All lines from the one holding "2014款 330 1.5L 手动 舒适型DK15-01" through the last line of the entries below must be transcribed exactly, and no others. Pictures do not go in.
+++
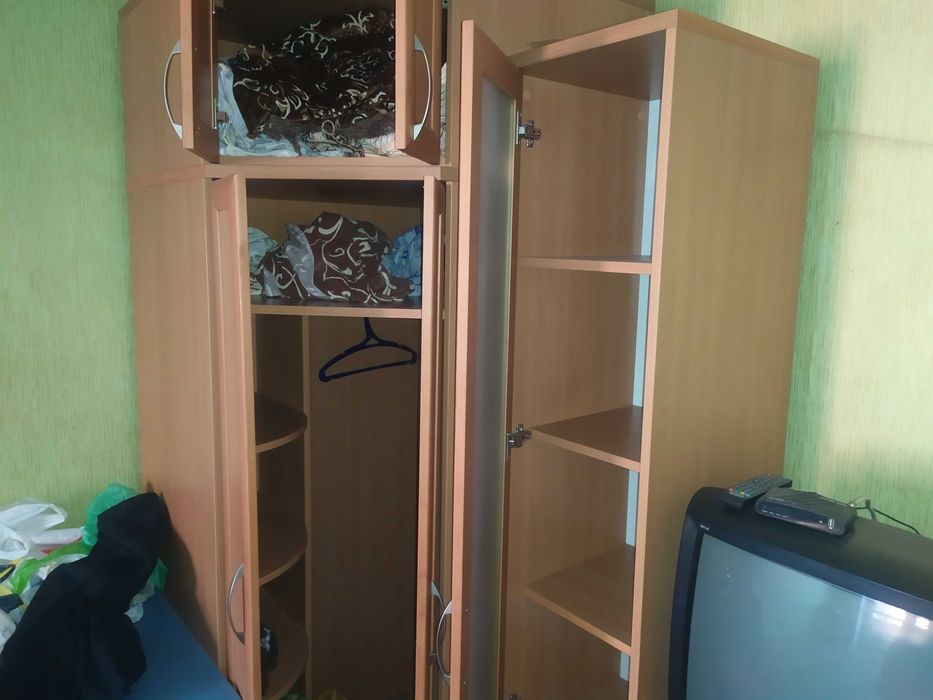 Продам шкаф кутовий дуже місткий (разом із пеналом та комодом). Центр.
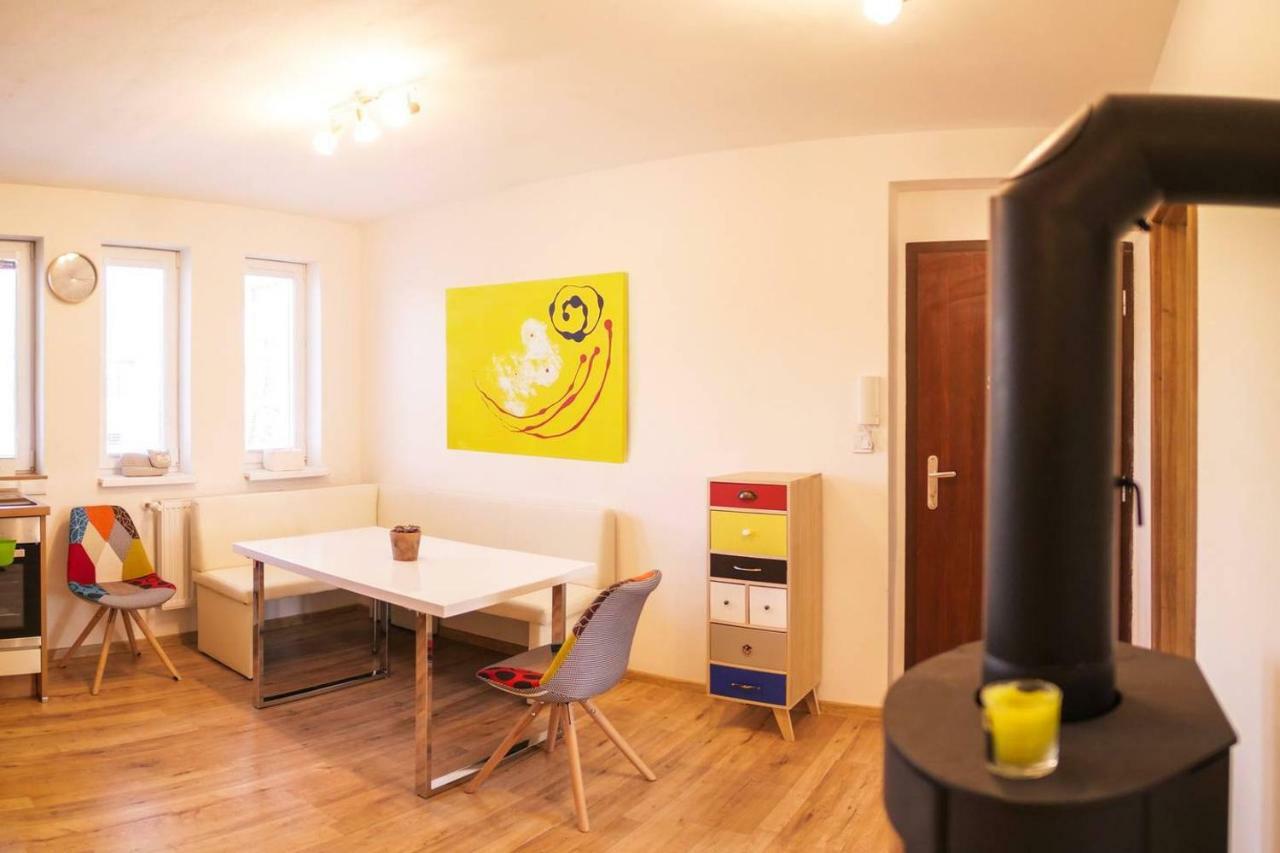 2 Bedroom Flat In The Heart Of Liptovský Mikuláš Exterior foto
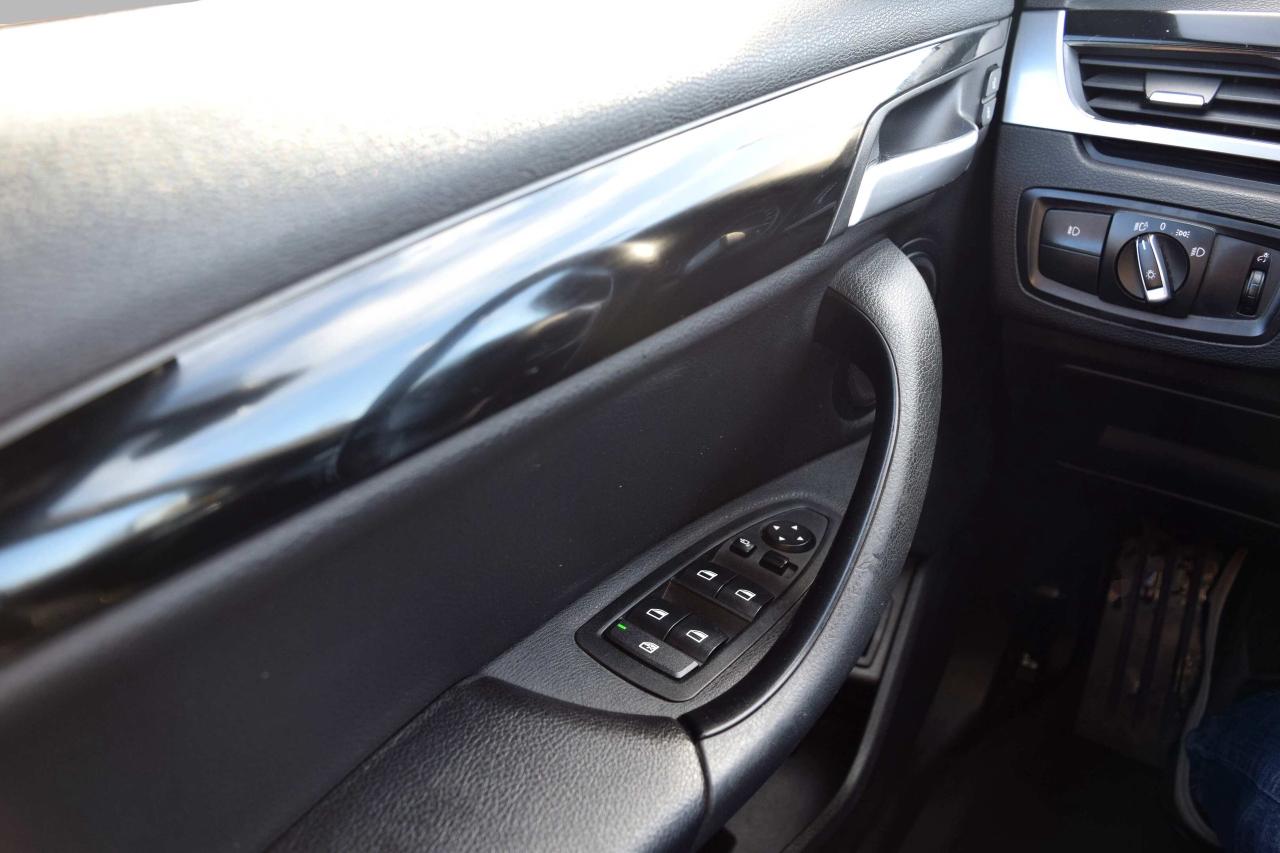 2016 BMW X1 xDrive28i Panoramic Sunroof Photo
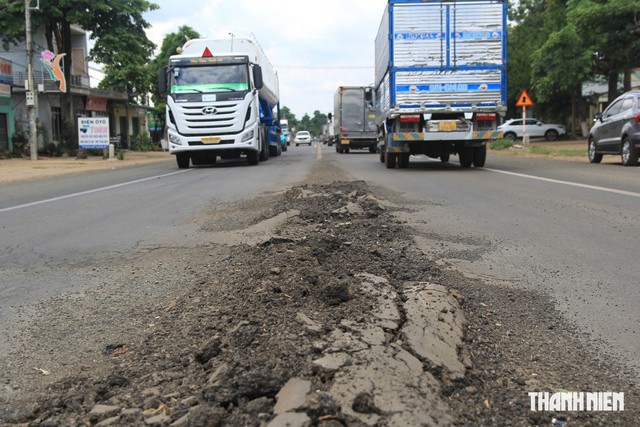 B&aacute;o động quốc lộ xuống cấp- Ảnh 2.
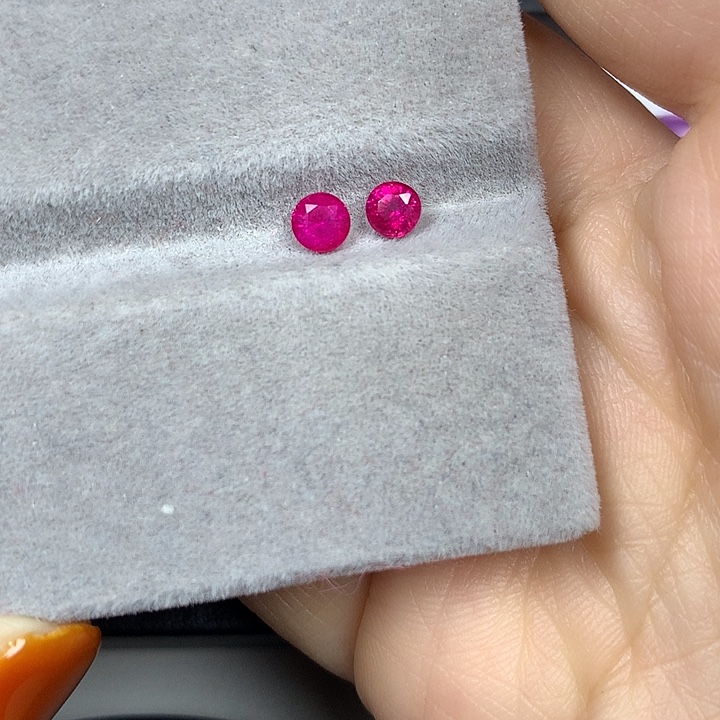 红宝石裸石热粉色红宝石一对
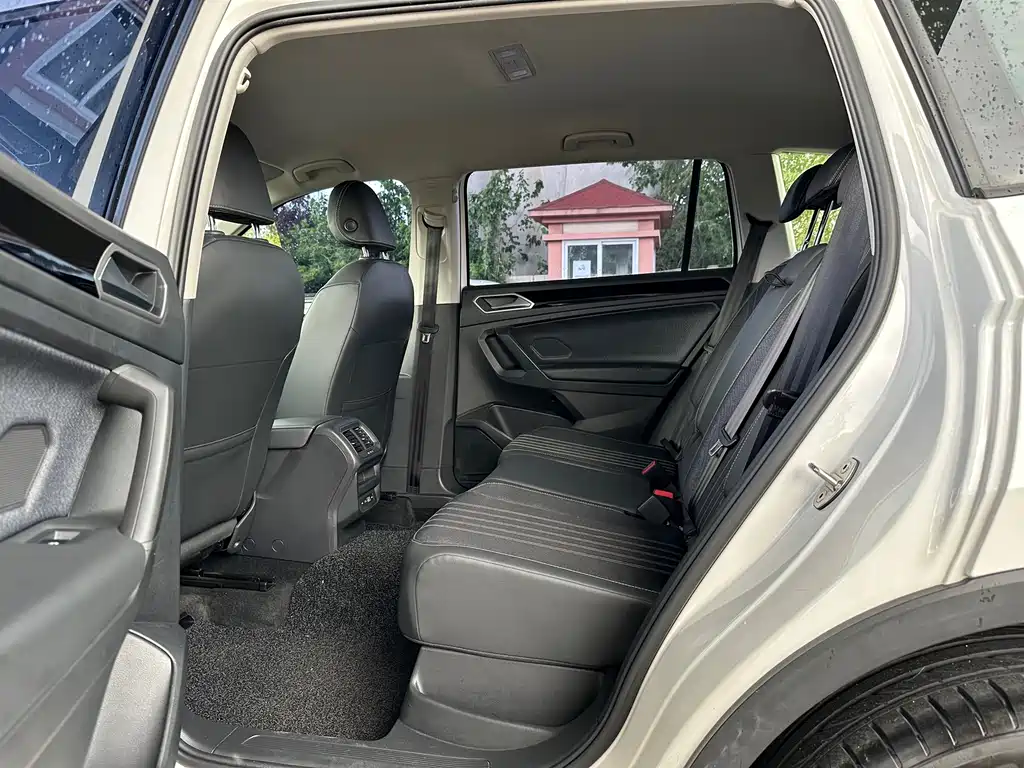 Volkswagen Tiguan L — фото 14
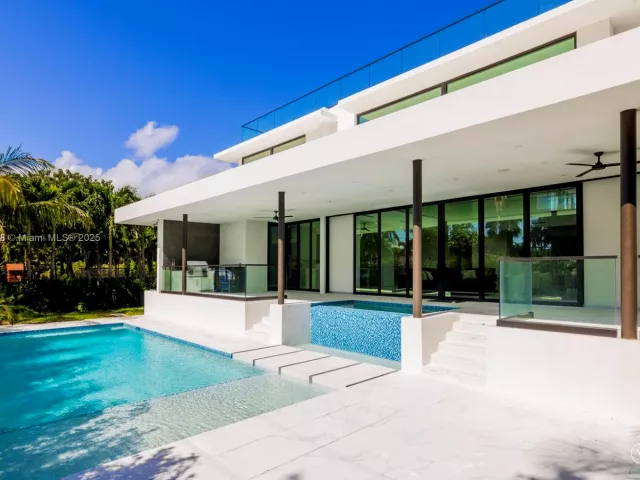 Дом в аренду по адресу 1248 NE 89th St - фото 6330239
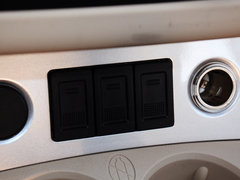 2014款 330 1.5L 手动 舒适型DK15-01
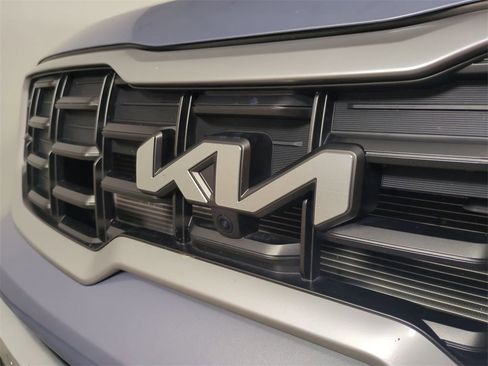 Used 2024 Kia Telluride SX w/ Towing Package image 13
+++
# Response to the exercise:
 2014款 330 1.5L 手动 舒适型DK15-01
 Used 2024 Kia Telluride SX w/ Towing Package image 13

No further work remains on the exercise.